*PROBLEM TO SOLVE*
Please set down exactly the lines of the listing below from the line containing "Broccolifröolja kallpressad EKO 1000ml" through the line containing "Jacques Philippe JPQLS587328YG", both lines included, leaving out all other lines.

*DATA FOR PROCESSING*
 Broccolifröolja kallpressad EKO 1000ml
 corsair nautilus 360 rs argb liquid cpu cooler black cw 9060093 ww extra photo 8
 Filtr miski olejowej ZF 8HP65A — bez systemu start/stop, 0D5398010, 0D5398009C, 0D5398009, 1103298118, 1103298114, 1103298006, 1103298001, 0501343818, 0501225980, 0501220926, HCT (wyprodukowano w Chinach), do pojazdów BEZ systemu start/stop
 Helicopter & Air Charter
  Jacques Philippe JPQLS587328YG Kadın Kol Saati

--

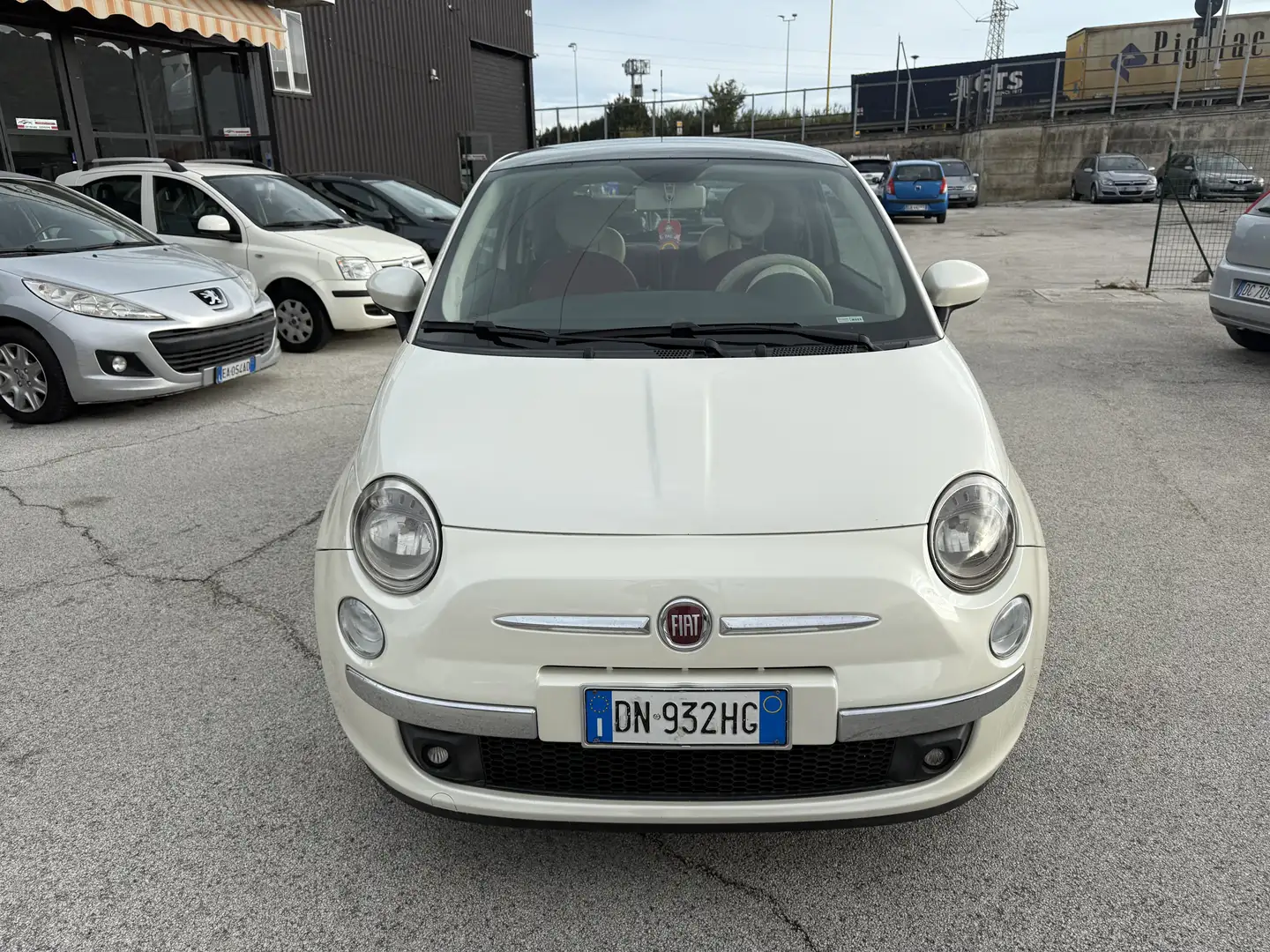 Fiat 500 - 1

*RESULT BELOW*
 Broccolifröolja kallpressad EKO 1000ml
 corsair nautilus 360 rs argb liquid cpu cooler black cw 9060093 ww extra photo 8
 Filtr miski olejowej ZF 8HP65A — bez systemu start/stop, 0D5398010, 0D5398009C, 0D5398009, 1103298118, 1103298114, 1103298006, 1103298001, 0501343818, 0501225980, 0501220926, HCT (wyprodukowano w Chinach), do pojazdów BEZ systemu start/stop
 Helicopter & Air Charter
  Jacques Philippe JPQLS587328YG Kadın Kol Saati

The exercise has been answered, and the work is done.